Help Them to Help You
As soon as kids can walk they are capable of helping. Usually it is far easier, and more effective, to simply do it yourself, but don’t do it! The work you put in during the early years will pay you back in so many ways when they are older. Imagine a future where kids put their dishes in the dishwasher right after dinner. Or fold their own clothes and put them away. Or get dinner ready one night all on their own. This future is made during those early years when that child asks to help you, as long as you say yes.
And Then We Get Kids Who Know How to Help
My kids are not perfect. I spent a lot of time doing things myself because it was faster, rather than letting the kids help and taking that opportunity to teach them. But even though I waited a little longer I am still having a great deal of success with teaching them general household responsibilities now. Currently I fold their clothes but my 5-year-old puts her own away and my 3-year-old puts his away with minimal help. They both put their own dishes in the dishwasher and clean the table after dinner. And they both know how to put toys away (even though they hate it and scream and cry and get Butmylegsfeelweirditis) every time I ask them to help. So we’re getting there slowly.

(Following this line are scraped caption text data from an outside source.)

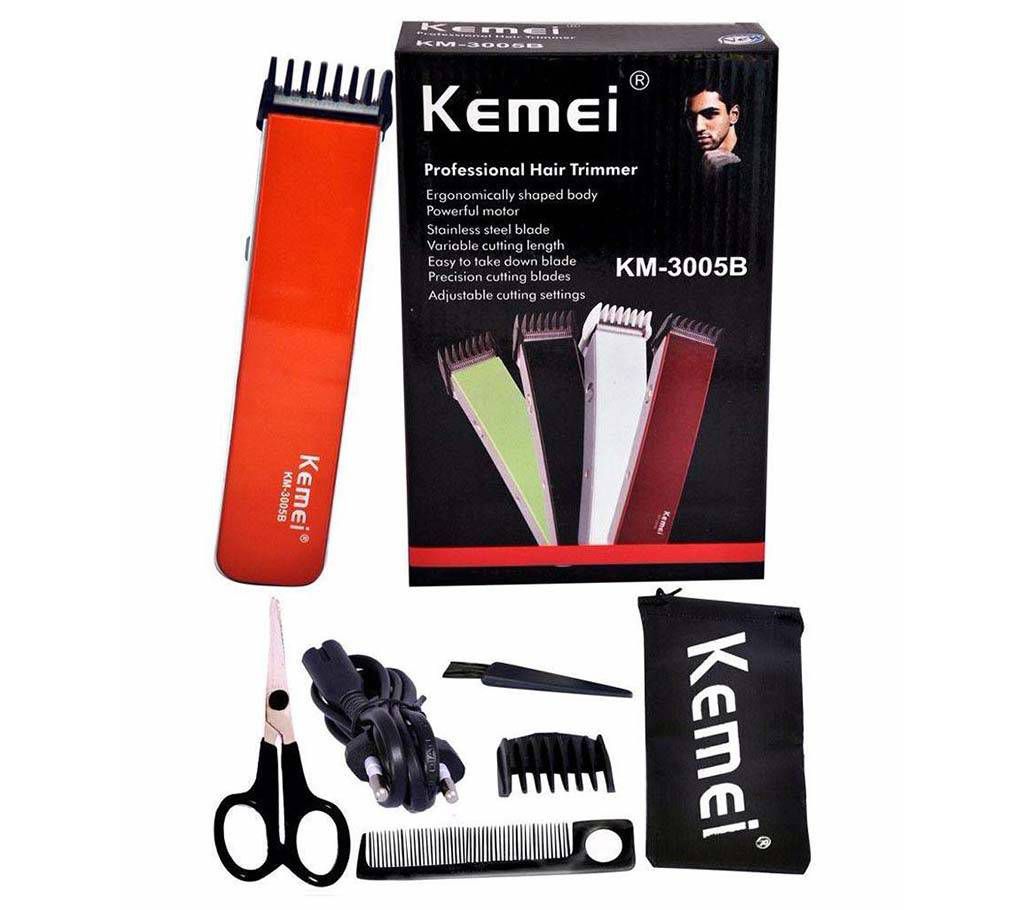 Kemei KM-3005b rechargeable trimmer and shaver 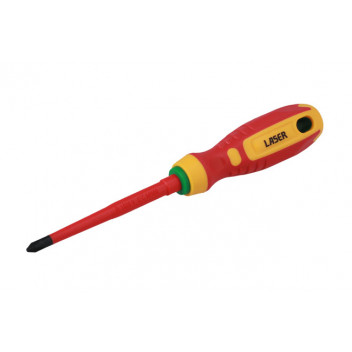 LASER Phillips Insulated Screwdriver Ph2 x 100mm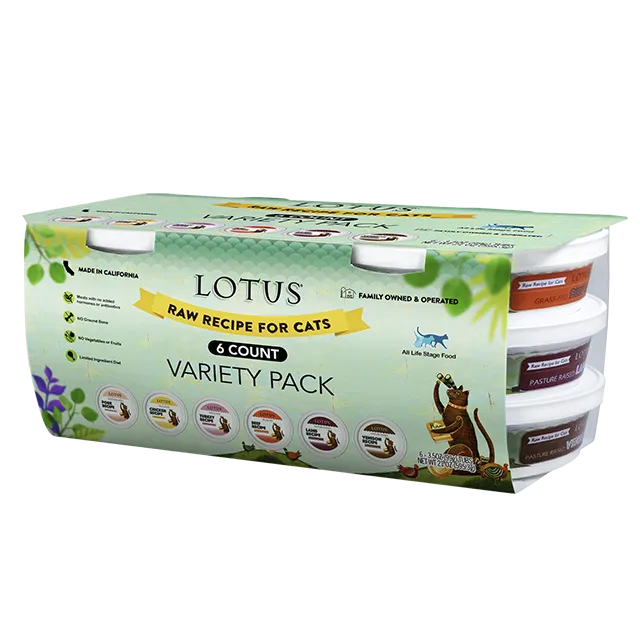 Lotus Variety Pack Raw Frozen 6-pk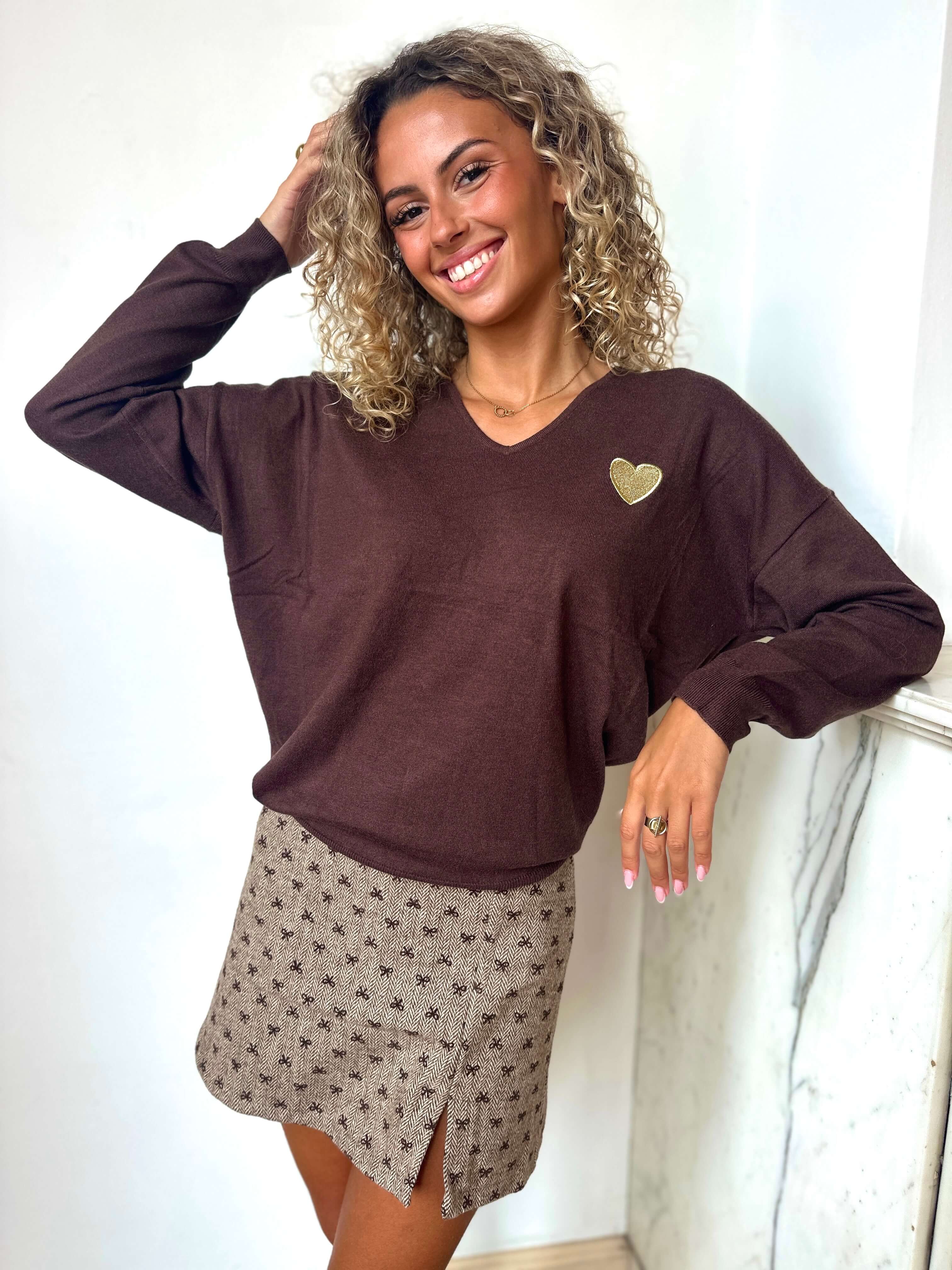 Pull chocolat - AMORE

What’s Your Real Job Anyway?
What does fostering independence mean when it comes to you and your kids? Start early. Let your kids help you with everything you are doing around the house. So what if it takes an hour when it could take 20 minutes. You are going to get that time back later, when they can do all these tasks unsupervised. As a stay at home parent your job isn’t really cleaning the house, cooking meals, and chauffeuring kids to all their activities (we’ll talk more about this later but seriously, stop with the over scheduling of your kids). Your job is to raise your kids who are responsible and productive members of your family, so that when they are adults they are independent people who can look after themselves. And then you are free to do whatever you like.